Something in his doctor's self lurches at the extremity of the act, of hiding your own dead child in a secret grave. At the admission of guilt in it.

 

It is so warm they have begun to live at the outdoor table, eating all their meals there, reading, smoking after dinner and watching out at the waves while the insects flit against the windows.
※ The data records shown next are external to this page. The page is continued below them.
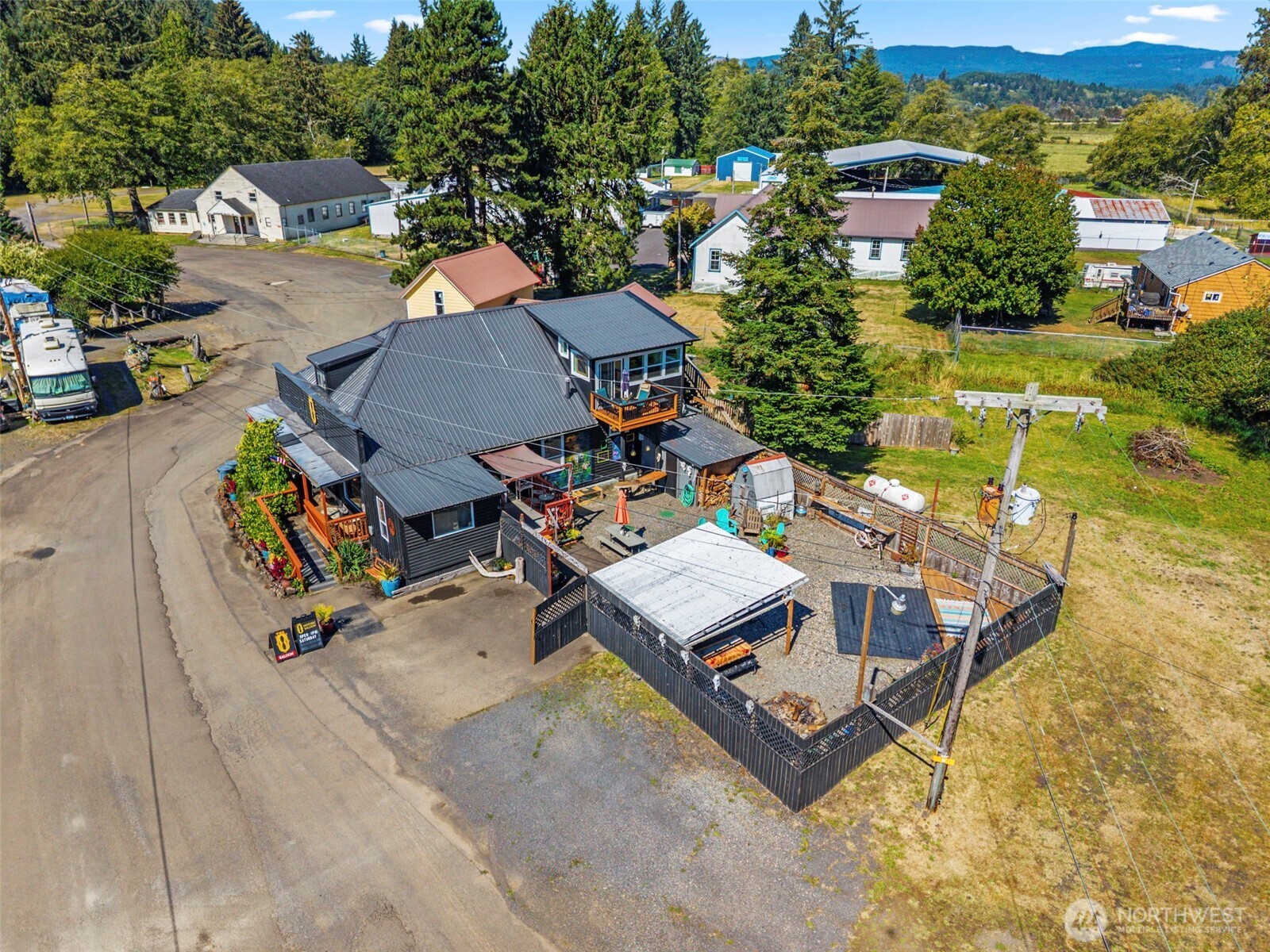 8 Fairgrounds Road — photo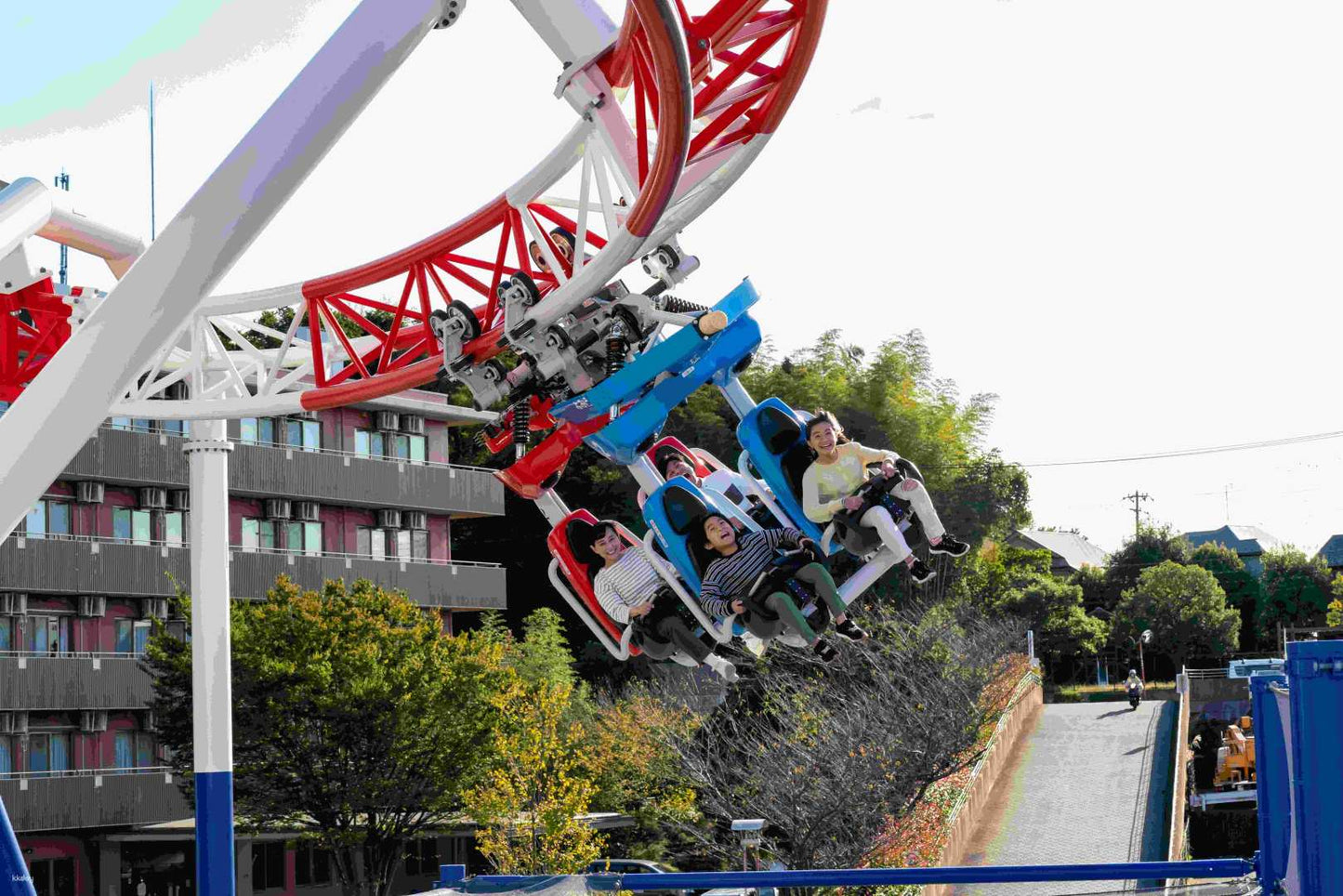 Yomiuriland Amusement Park | One-day Pass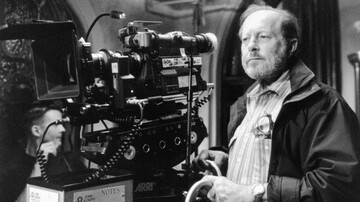 Умер режиссер фильмов с Боуи и Джаггером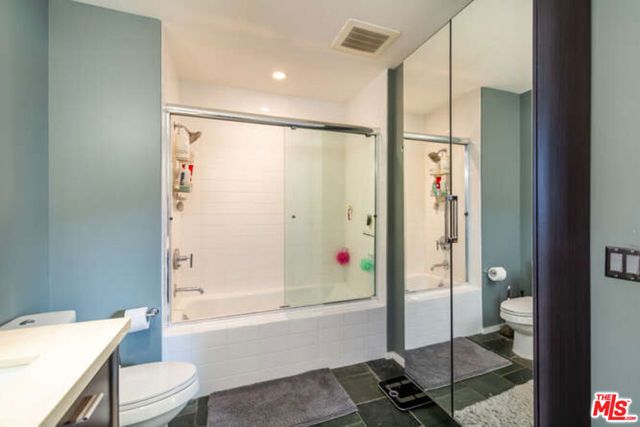 1155 S Grand Avenue 404, Los Angeles, CA 90015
Through this early summer Martin gives Jocelyn fishing lessons, rowing lessons, sea lessons, concocting
stinking buckets of bait outside the shed. Under the watching eyes of the locals he teaches her about the tides, brings her back a pocketful of shells from each walk or fishing trip, collected from Pittwater's shallow beaches. He brings limpets, kelp snails, periwinkles and pippies. She takes them in her open palms and lets them fall clattering onto the glass porch table, their sleek undersides catching the light. Then she sweeps them with a cupped side of her hand into a bucket she keeps by the door.

And over the weeks Jocelyn gives Martin piano lessons. She spent a childhood in dark rooms with nuns holding a ruler above her fingers, and she seldom plays any longer. But at nights in this house she teaches him the left hand of Satie's
Gymnopédie No. 1
. She sits beside him on the piano stool, and slowly he plays the repeated bass line, its even, steady steps over and over, while her right hand wanders the treble notes, its lightness and movement becoming one of her walks around this island, hesitating, beginning again, losing her way and recovering it.